Task: Please return the lines below verbatim, beginning at the one that has "Perna Decorativa Pasare" and stopping after the one that has "A map of Rjasan, Russland, showing", and add no other lines.

Material supplied:
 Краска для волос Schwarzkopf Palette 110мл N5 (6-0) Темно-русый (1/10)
* * *
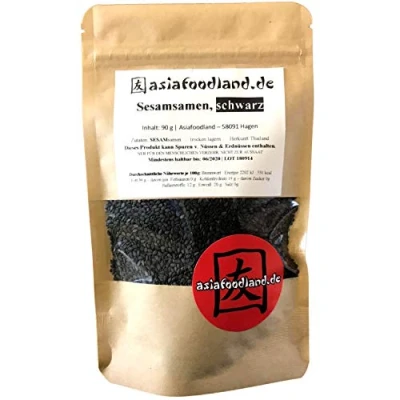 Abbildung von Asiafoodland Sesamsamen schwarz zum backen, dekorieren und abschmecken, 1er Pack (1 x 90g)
---
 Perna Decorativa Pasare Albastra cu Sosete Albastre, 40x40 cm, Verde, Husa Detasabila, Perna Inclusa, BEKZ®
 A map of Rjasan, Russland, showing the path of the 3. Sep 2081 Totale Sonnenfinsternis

Exercise output:
 Perna Decorativa Pasare Albastra cu Sosete Albastre, 40x40 cm, Verde, Husa Detasabila, Perna Inclusa, BEKZ®
 A map of Rjasan, Russland, showing the path of the 3. Sep 2081 Totale Sonnenfinsternis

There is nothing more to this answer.